Transforming a Neighborhood into a Brotherhood
My brothers and sisters, we are only beginning. We still have a long long way to go and I would like to share with you the burden on my heart about the problems that still confront us. If I would use a subject for what I am talking about, I would call it; Transforming a neighborhood into a brotherhood. I want to try and tell you the truth; i want to speak honestly and frankly about many problems that we face in our nation and this world. I believe that freedom is the bonus we receive for telling the truth and as Jesus said, “ye shall know the truth and the truth shall set ye free”. Transforming a neighborhood into a brotherhood.

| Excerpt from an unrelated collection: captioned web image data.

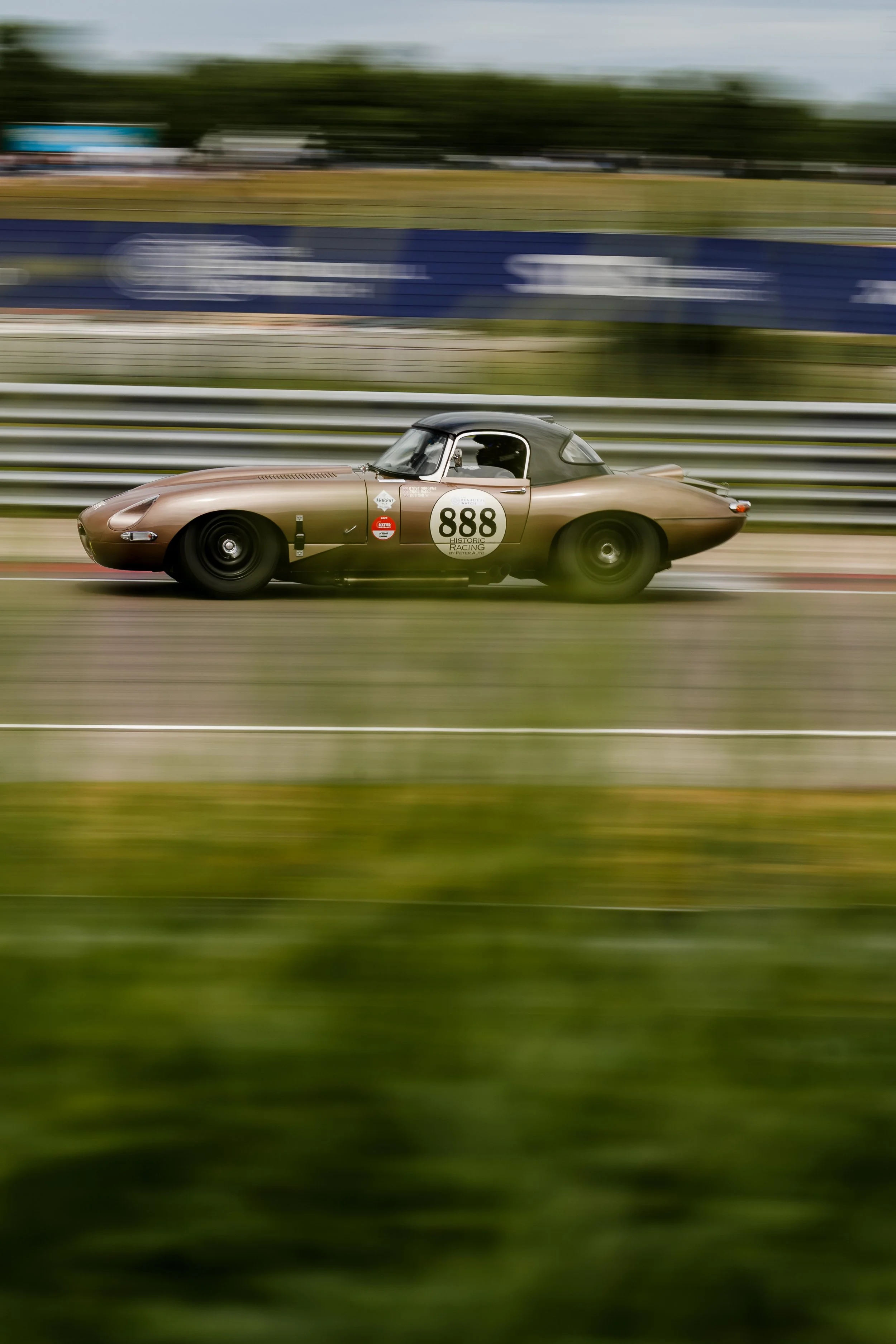 DC - PA - DIJON26 - 197018.jpg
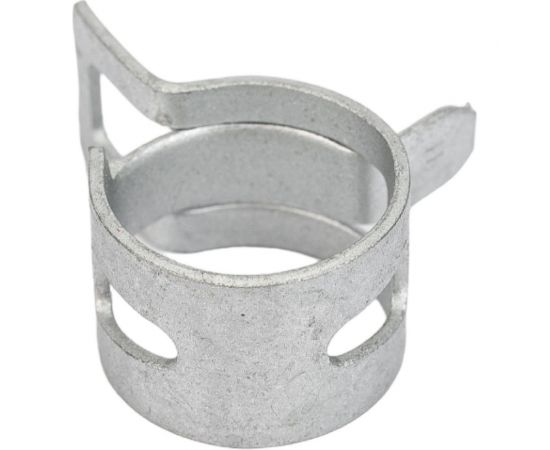 Пружинный хомут KORUDA 13, W1, 14-15.5 мм KR-H56912 – изображение 3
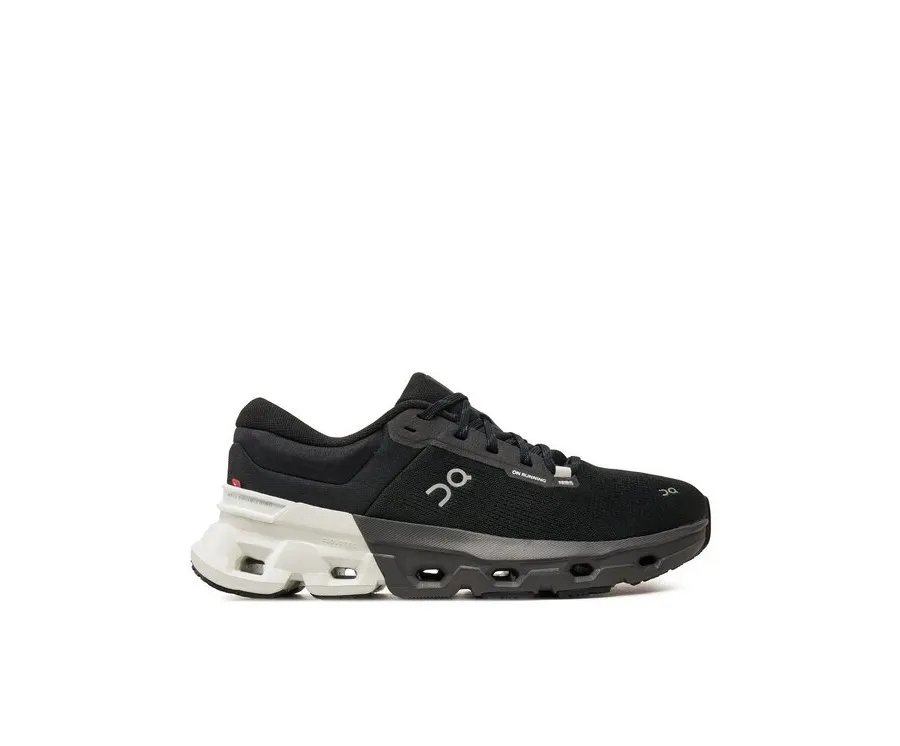 obrazek 1 On Buty do biegania Cloudflyer 5 3ME30010299 Czarny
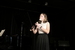 P1010023.JPG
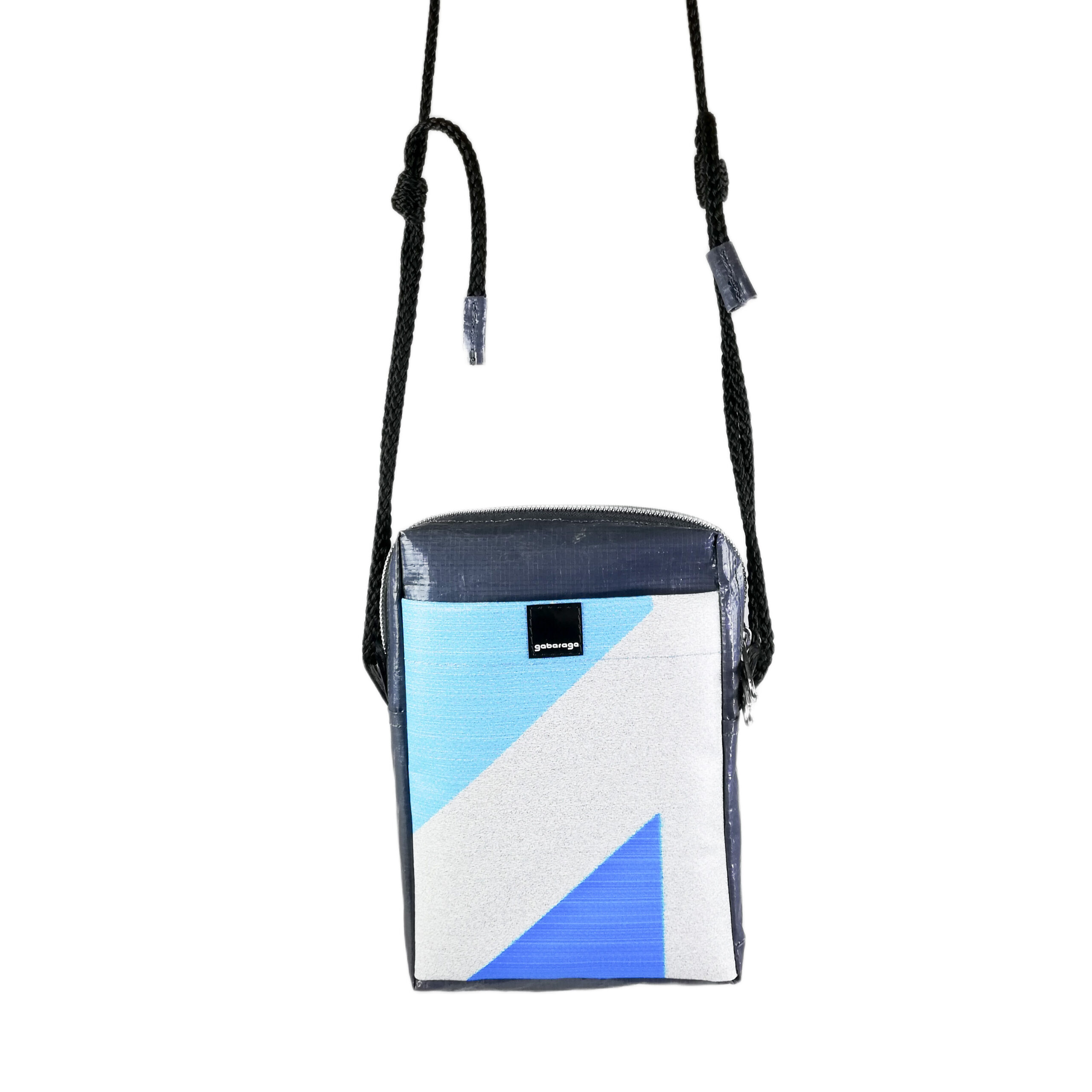 miniBag 1-4860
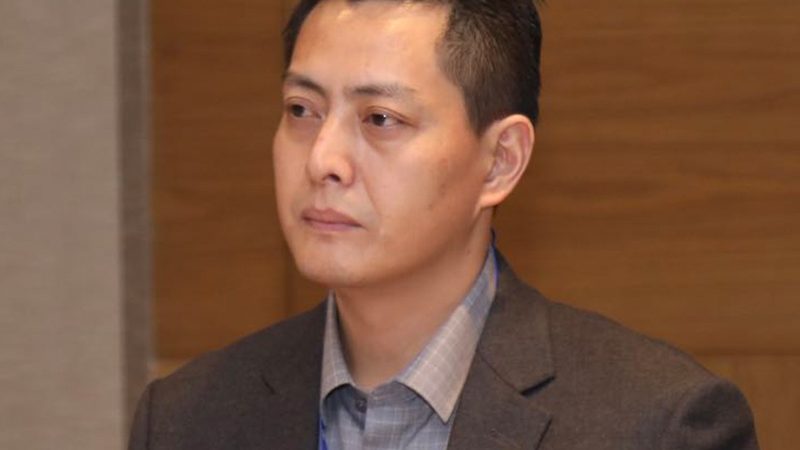 充电桩安装，自己买材料要花多少钱？揭秘成本构成与选购要点**
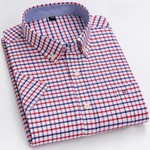 Chic Shirt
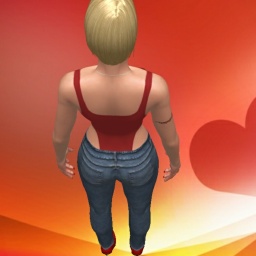 play online virtual sex game with member bisexual narcissist girl Mary69, colombia, megusta el sexo con muchos hombre sentir sus pijas y su lechita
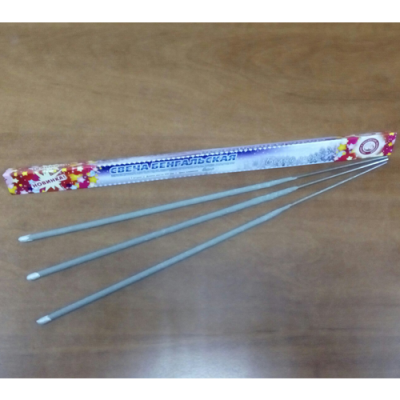 Белый снег 400 Бенгальские огни купить в Сосновом Боре Ленинградской области | sosnovyjborleningradskaya.salutsklad.ru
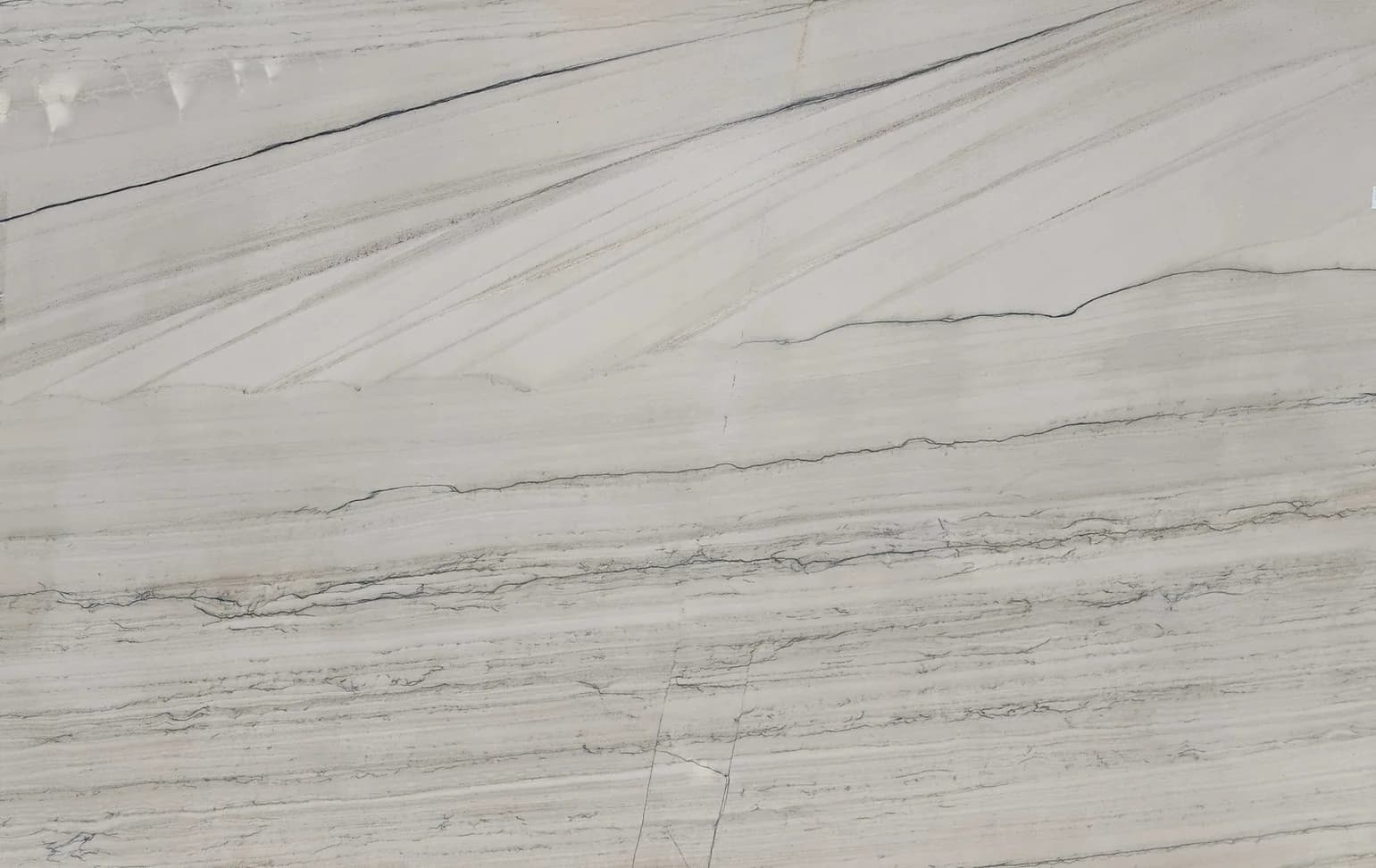 Fantasy Lux, slab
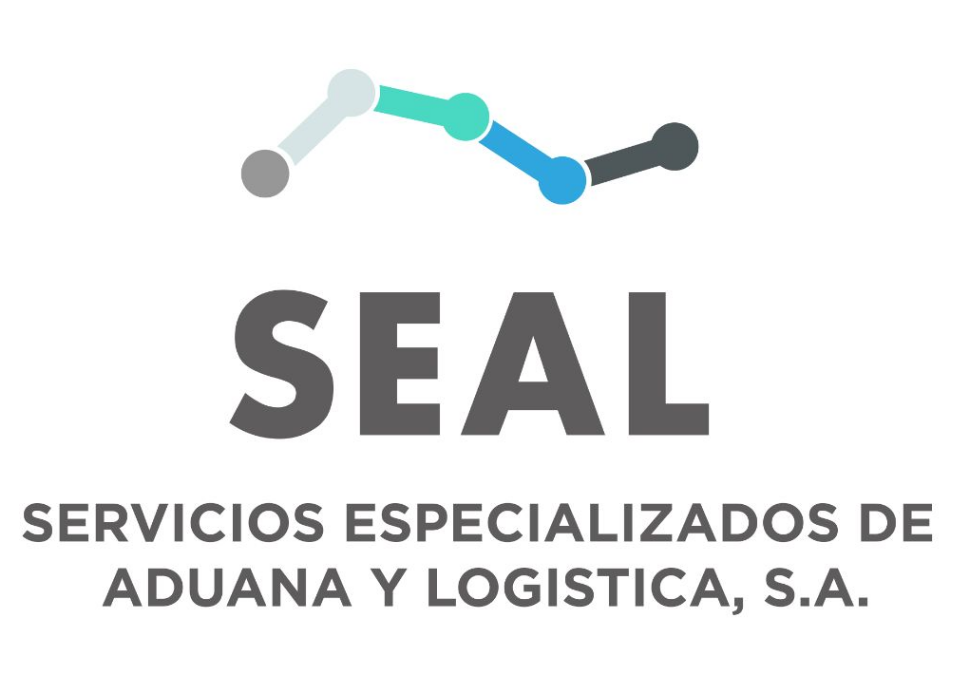 GLA全球物流聯(lián)盟網(wǎng)新會員 GLA全球物流聯(lián)盟網(wǎng)新會員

Now there can be no gainsaying of the fact that Uganda has brought its people – downtrodden and rich alike - to an all inspiring threshold of the future. We have built gigantic buildings to kiss the skies, we have placed time in chains and we have curved highways midair. This is what our nation has done. What I want to say to you my friends is that when we look to the other side, something basic is missing. We suffer from a kind of poverty of the spirit which stands in glaring contrast to our technological abundance. We’ve learnt to swim the seas like fish and to fly the air like birds and yet we have not learnt the simple art of walking like brothers and sisters. This is the great dilemma facing Uganda and many an African nation. It comes to this point now; we must all learn to live together as brothers and sisters or we will all perish together as fools!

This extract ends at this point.